As you may know, StrikeIron is an Informatica Cloud partner. We recently won another customer account that will be using the StrikeIron Contact Record Verification suite to clean their records as they move between Salesforce.com, a proprietary marketing database, and Eloqua via Informatica Cloud. To help this customer get started, we wanted to be able to run Informatica Cloud on a Mac as well as have a test platform that was remotely accessible from anywhere.
Running Informatica Cloud on AWS accomplished both of these goals. We could run the secure agent on the EC2 instance and then access the Informatica Cloud web front end from a Mac or any of our customer's computers without worrying about firewalls, etc.
This tutorial will go step-by-step through how to create an AWS EC2 Windows Server instance and install the Informatica Cloud Secure agent.

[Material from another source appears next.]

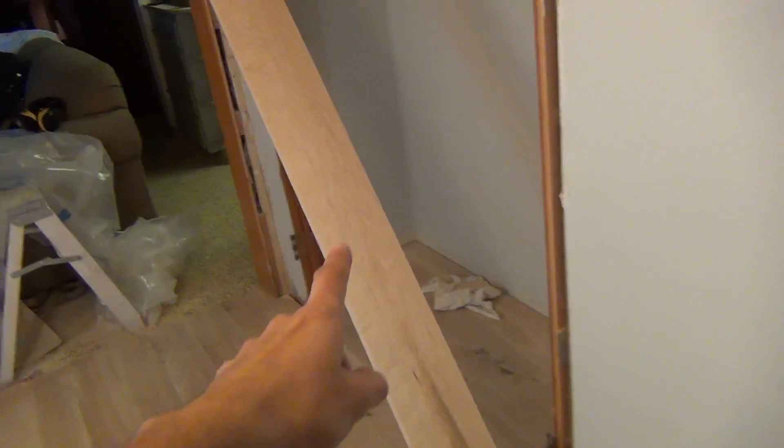Oh, and this is pretty cool too. I stopped at Home Depot today and I found this piece of curly bird's eye maple in the stack with the regular boards. So I picked that up — you know, why not?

The first step is to create your Amazon AWS account on this page by clicking the “Sign Up” button in the top right corner. The instance created in this tutorial will run in the free tier so if you are a new user, it should not cost you anything. Once your account is created and approved we are ready to start.
Create the instance:
1) Log into your AWS account at: https://console.aws.amazon.com/console/home
2) You should be on the AWS Management console screen. Click the EC2 icon . This will take you to the EC2 Console Dashboard.
3) Click the “Launch Instance” button to display the Create New Instance Dialog.

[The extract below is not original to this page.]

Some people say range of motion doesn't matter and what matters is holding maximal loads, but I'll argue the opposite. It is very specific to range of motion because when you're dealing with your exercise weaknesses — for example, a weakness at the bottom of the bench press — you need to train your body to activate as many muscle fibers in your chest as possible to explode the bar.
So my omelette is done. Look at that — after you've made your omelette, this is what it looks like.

4) Make sure the Quick Launch Wizard radio button is selected. There are three key pieces of information you will enter on this screen:
In the “Name your Instance” field type "InfaCloudTest” or whatever you would like to call this instance.
In the “Choose Your Key Pair” section, select the "Create New" radio button and name your security key pair “InfaCloudTest”. The key pair is used to create a secure password for your remote desktop. Click “Download” to download your PEM file to your computer. Note the location as you will need it later.
Finally, you will select the instance configuration. Choose the “Microsoft Server 2008 Base” with the 64 bit option selected.
Your "Create New Instance" dialog box should now look like this:
5) Click “Continue” to see the next step in the "Create a New Instance" process.
6) The next dialog should look like the following. You should not need to change anything but there are two important settings to note. First, make sure the Shutdown behavior is set to “Stop”. “Stop” means that if you shutdown the instance, all of your data will persist – just like a normal PC. If this option is set to “Terminate” your instance will be effectively formatted and will also disappear from your instance table next time Amazon does a cleanup sweep.
The next important item is the Security Group. Amazon creates a default security group for you. Depending on what endpoints you connect to, you may need to open up ports in the security group later.
7) Click “Launch” to continue. You will receive a confirmation box saying that your instance is launching. Click “Close”.
8) You will be taken back to the EC2 Management Console. On the top-right hand side, you will see a section called “My Resources”. It should now show that you have 1 running instance (you may need to wait up to 2 minutes then click refresh for it to show up).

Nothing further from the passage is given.